En paseos por los cascos históricos de Madrid y otras ciudades, como Úbeda o Baeza, he observado la existencia de algunos inmuebles con portales que presentan unas características comunes: están construidos con sillares de granito de diferentes medidas y formas —los hay rectangulares y adovelados— y en el dintel de los mismos aparecen grabadas diferentes inscripciones con referencias cristianas, como Josef, María, JHS, Jesús, o también sencillas cruces y algunas acompañadas de jaculatorias. ¿A qué obedece la costumbre de grabar estas inscripciones en las puertas? Una posible explicación apuntaría a la posibilidad de que estas casas, en sus orígenes, hubieran pertenecido a familias de judeoconversos. El colectivo de los conversos estaba dirigido por una élite interesada en mezclarse con la población cristiana vieja. Esta comunidad conversa había logrado acceder a una evidente promoción económica y social, aunque cabe subrayar que esta élite sólo tenía una pequeña representación demográfica dentro del colectivo cristiano.
La hipótesis de que estas casas fueran de judíos conversos me llevo a estudiar dos ejemplos bastante significativos: dos inmuebles de Madrid —en la calle de la Esgrima, números 11 y 12—, cuyo propietario de ambos según las fuentes consultadas era don Manuel Álvarez de Toledo.
Enrique Soria Mesa, catedrático de Historia Moderna de la Universidad de Córdoba yun importante investigador de la cuestión de los judeoconversos, ha indagado y analizado una de las estrategias más sibilinas del Siglo de Oro para escapar al régimen de terror de la limpieza de sangre y la persecución de la Inquisición española: miles de judíos conversos entre los siglos xvi y xvii se apropiaron de apellidos de familias nobles para limpiar su origen manchado y esquivar la implacable política represiva puesta en marcha por el Santo Oficio y los estatutos de limpieza de sangre. El profesor Enrique Soria Mesa refiere que «el uso de apellidos en aquellos años era caótico, muchos hijos llevaban apellidos de su madre, otros de su abuela y otros de un tío y era muy normal que los hermanos tuvieran apellidos distintos y en esos casos es muy fácil que los conversos utilicen estas triquiñuelas para huir de la marca de la infamia».

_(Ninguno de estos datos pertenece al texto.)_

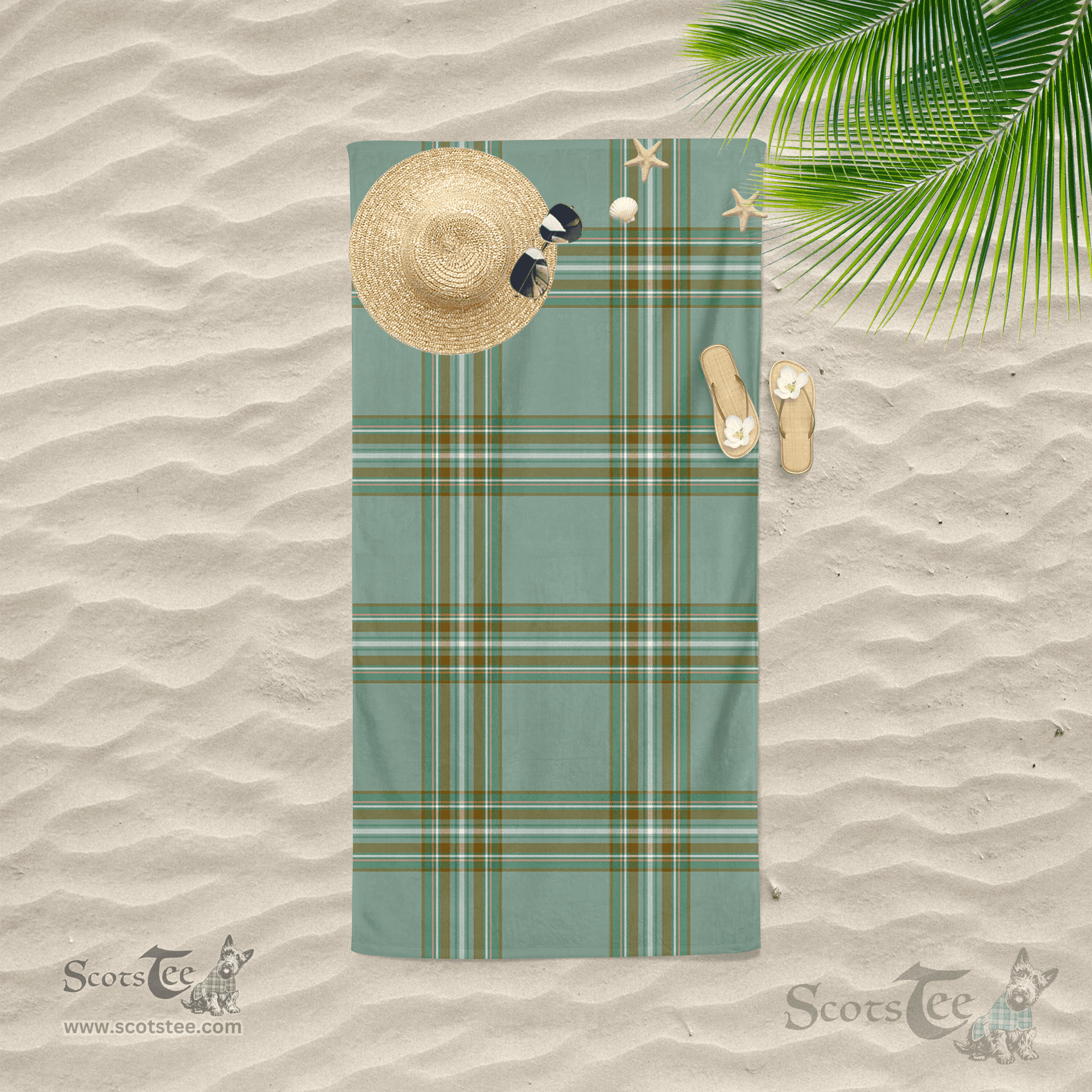 Scottish Kelly Clan Tartan Beach Towel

El estudio del profesor Soria, que ha revisado miles de documentos, revela una práctica ingeniosa para reinventar el linaje: si alguien se llamaba Córdoba, un apellido muy común entre judíos, se cambiaba a Fernández de Córdoba y pagaba a un genealogista para que hiciera un documento que dijera que descendía de un hijo bastardo de esa familia y quedara así incluido en el árbol genealógico. En otros casos un apellidado Ramírez pasaba a figurar como Ramírez de Arellano, u otro apellidado Toledo se transformaba en Álvarez de Toledo. De esta manera surgieron apellidos nobiliarios, o con resonancias nobiliarias, otra importante evidencia la expone el historiador Américo Castro, que dice que don Juan Suarez de Carvajal, obispo de Lugo y presidente del Consejo de Hacienda, en 1553 propuso la venta de hidalguías a cristianos nuevos. El obispo razonaba así: «Los que no son hidalgos por su cuna ni por sus hazañas, ¿qué inconveniente hay [en] que lleguen a serlo dando dinero a la Hacienda?». De hecho la venta de hidalguías tenía lugar siempre que un tribunal de justicia —la Chancillería de Valladolid o Granada— se dejaba sobornar y otorgaba una ejecutoria de hidalguía a quienes manifiestamente descendían de judíos. Casos notables son el de los hermanos de Teresa Sánchez de Cepeda —Santa Teresa de Jesús— y el de los nietos de Fernando de Rojas, autor de La Celestina.
Mi hipótesis es que este es el mismo caso en el que se encontraban los vecinos de la madrileña calle de la Esgrima, números 11 y 12, cuyo propietario era D. Manuel Álvarez de Toledo, y es probable que esto suceda en otras viviendas de Madrid y de otras ciudades españolas del siglo xvi, en las que sus propietarios judeoconversos tallaron símbolos cristianos para así evitar ser considerados judíos que no habían renegado de su religión.